◆ Work item ◆
In the records below, find the line that contains "Medical id keychain" and the line that contains "Kit Carimbo FRUTAS". Set down exactly those lines and every line between them, and nothing more.

◆ Exercise data ◆

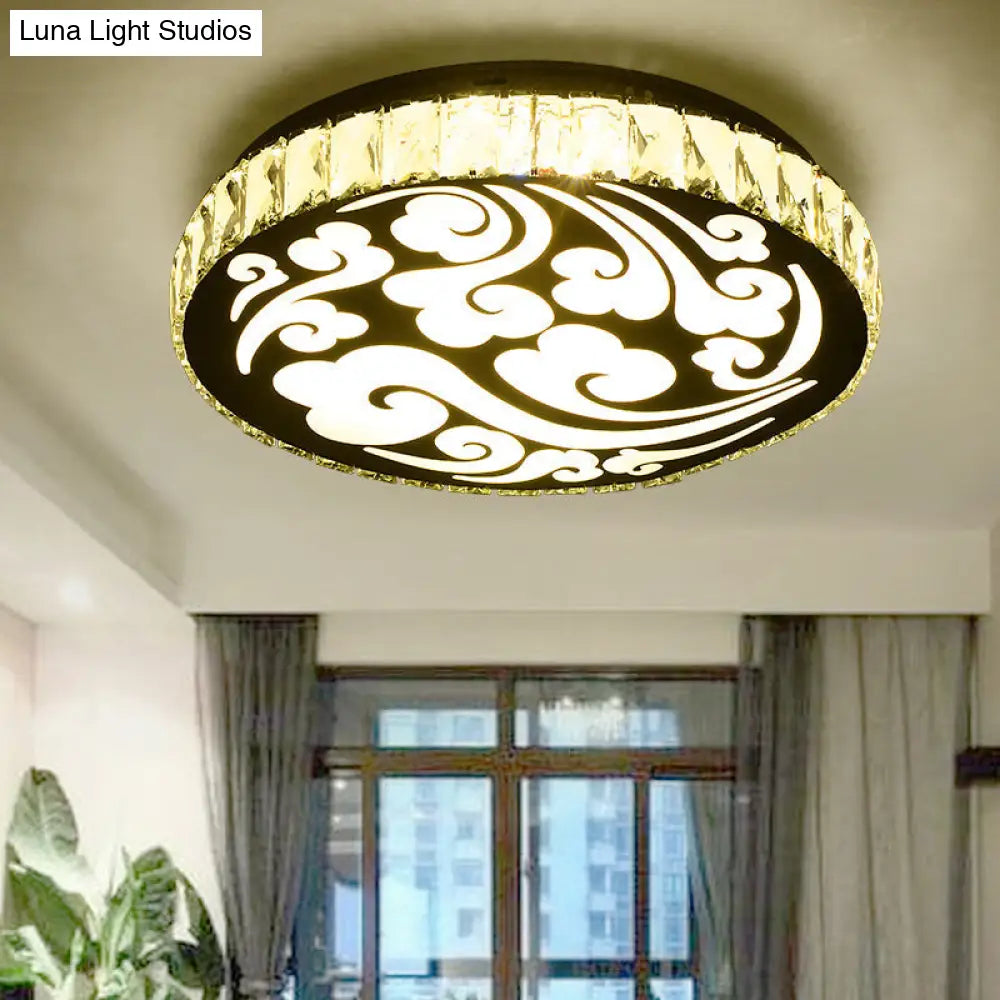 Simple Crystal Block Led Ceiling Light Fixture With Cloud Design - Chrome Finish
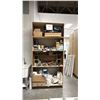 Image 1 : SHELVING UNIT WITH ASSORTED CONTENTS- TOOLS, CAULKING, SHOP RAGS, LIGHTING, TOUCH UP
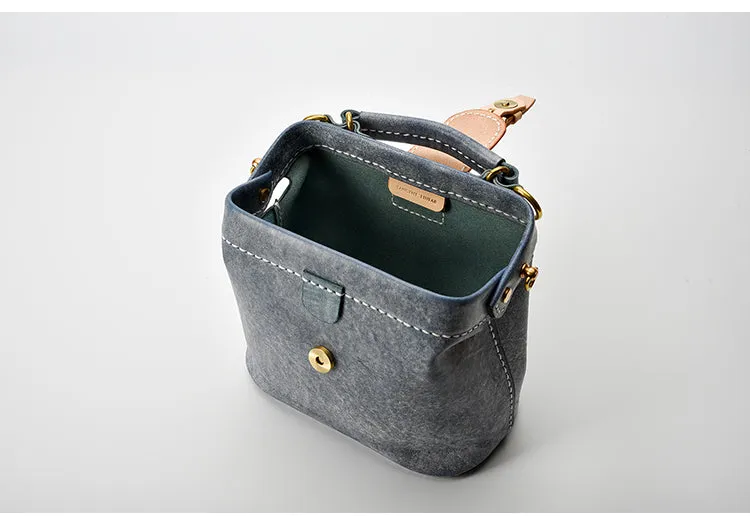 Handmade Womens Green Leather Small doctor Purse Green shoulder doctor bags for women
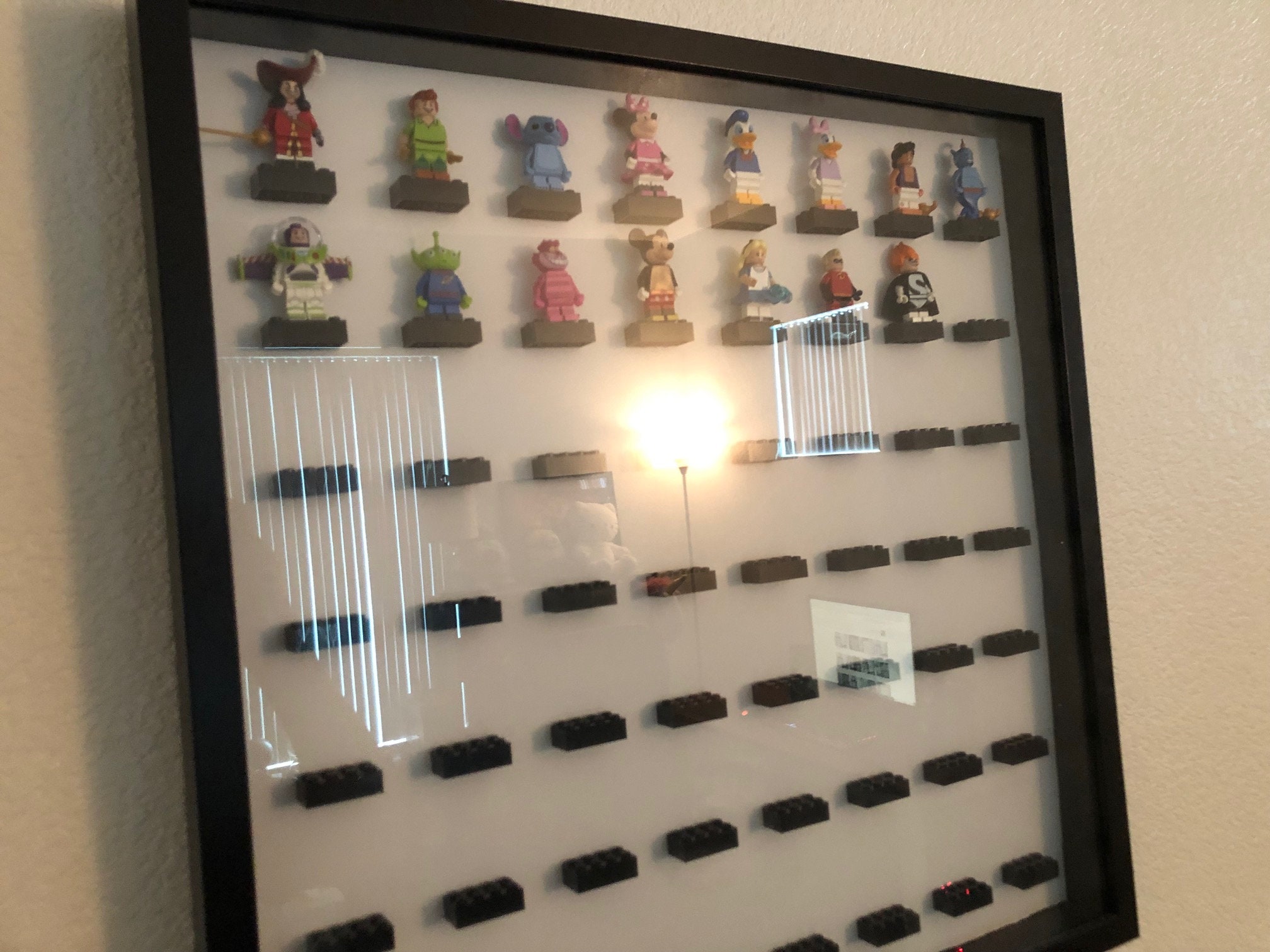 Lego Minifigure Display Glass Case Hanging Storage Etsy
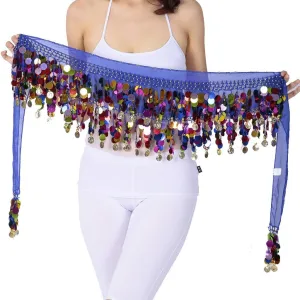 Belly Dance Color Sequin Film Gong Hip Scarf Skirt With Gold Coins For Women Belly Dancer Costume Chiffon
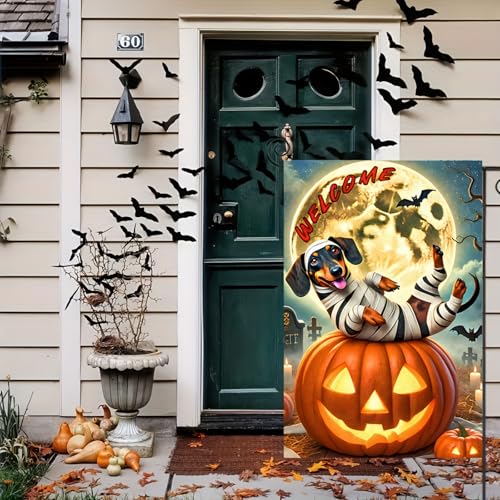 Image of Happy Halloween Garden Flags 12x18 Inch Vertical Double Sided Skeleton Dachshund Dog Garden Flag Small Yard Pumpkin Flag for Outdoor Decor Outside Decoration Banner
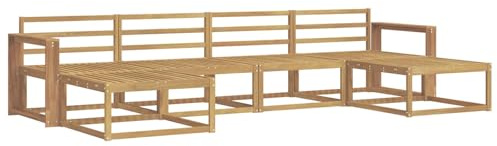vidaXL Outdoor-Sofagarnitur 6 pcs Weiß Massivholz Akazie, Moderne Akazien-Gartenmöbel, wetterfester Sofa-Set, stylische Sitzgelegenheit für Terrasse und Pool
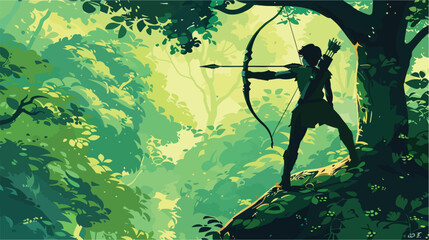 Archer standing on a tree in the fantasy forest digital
==
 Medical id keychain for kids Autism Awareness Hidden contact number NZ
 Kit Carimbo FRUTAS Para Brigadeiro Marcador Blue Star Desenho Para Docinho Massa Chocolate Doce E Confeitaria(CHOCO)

◆ The answer ◆
 Medical id keychain for kids Autism Awareness Hidden contact number NZ
 Kit Carimbo FRUTAS Para Brigadeiro Marcador Blue Star Desenho Para Docinho Massa Chocolate Doce E Confeitaria(CHOCO)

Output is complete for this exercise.